Water is the most abundant dissolved volatile in silicic submarine volcanism and a major control on the eruptive processes within this environment. By quantifying water within volcanic glass, both in phenocryst-hosted melt inclusions and bubble-walls, we can piece together a story from deep magmatic storage to shallow conduit ascent to syn-eruptive processes. The VEI-5 submarine rhyolitic eruption of Havre in 2012 was the largest historical eruption in the deep-submarine realm. Total water concentrations (H₂O_T) within pumiceous glass from Havre were determined using micro-Raman spectroscopy; and concentrations of water species (molecular water (H₂O_m) and OH) using FTIR spectroscopic imaging. Secondary ion mass spectrometry quantified H₂O_T and CO₂ concentrations in quartz-hosted melt inclusions in Havre pumice.

Melt inclusions contain 5 – 7 wt % H₂O_T and < 300 ppm CO₂ suggesting deep storage conditions at 150-250 MPa of a very hydrous silicic melt which subsequently underwent closed-system degassing during ascent. Undersaturated residual OH contents in matrix glass, relative to the 650 – 900 m vent depth, imply either: 1) much shallower quenching pressures in the water column from slower cooling rates, or 2) the presence of coupled-volatile solubility conditions during magma ascent.
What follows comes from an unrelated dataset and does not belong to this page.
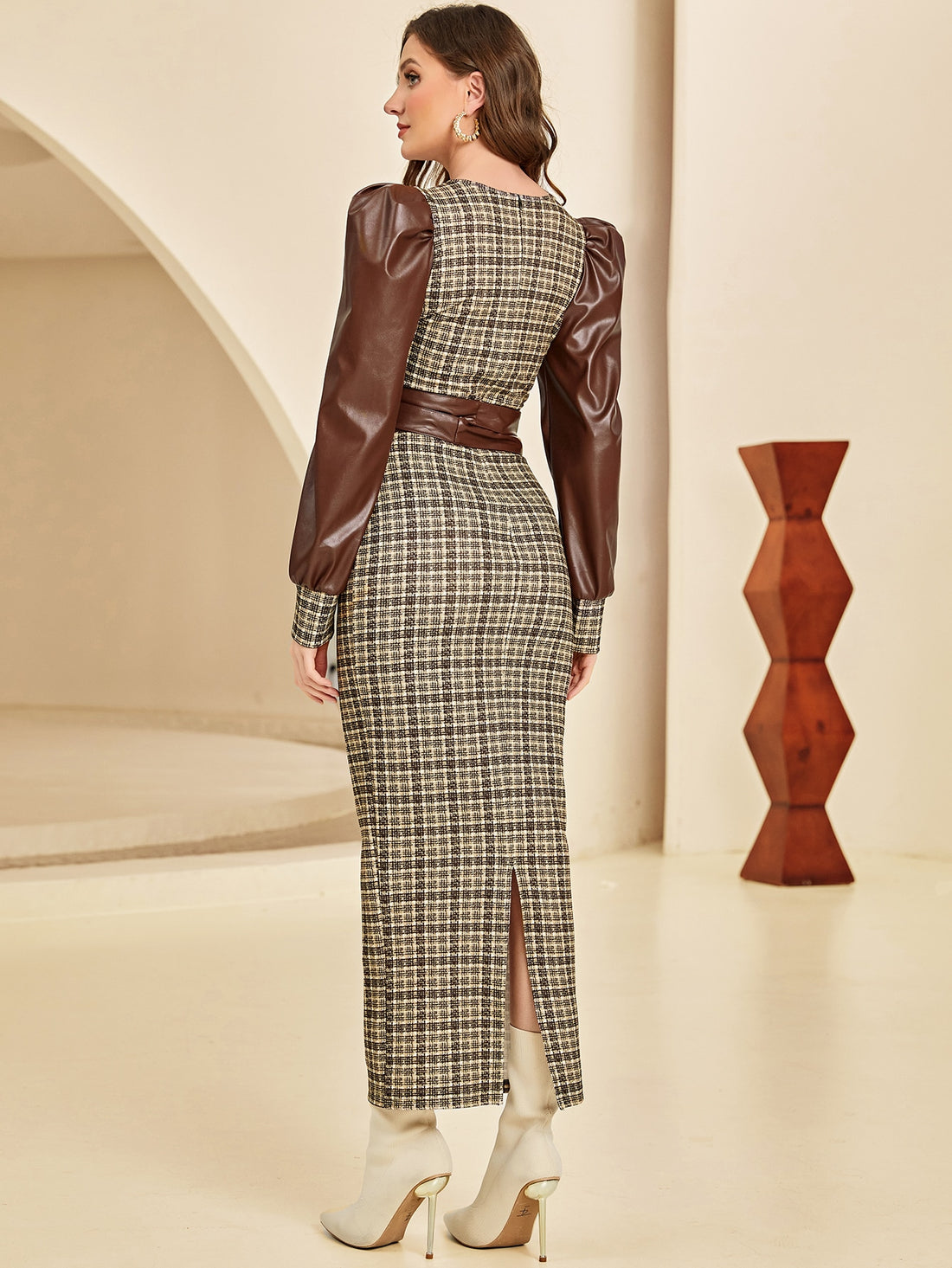 Effortlessly exude style with our Chic Plaid Print Puff Sleeve Belted Dress. The dress features a flattering belted waist and trendy puff sleeves, making it the perfect addition to your wardrobe. Its stylish plaid print adds a touch of sophistication to any look. Elevate your fashion game with this versatile and stylish dress.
Presence of excess H₂O_m in the matrix glass show that Havre products have been rehydrated post-degassing, but on rapid timescales inconsistent with our current understanding of water diffusion in the marine setting. Micro-Raman measurements spatially resolve this rehydration as mostly limited to bubble rims rather than throughout the glass. This suggests a novel syn-eruptive rehydration mechanism that may be unique to the deep-submarine volcanic setting, which we here explore.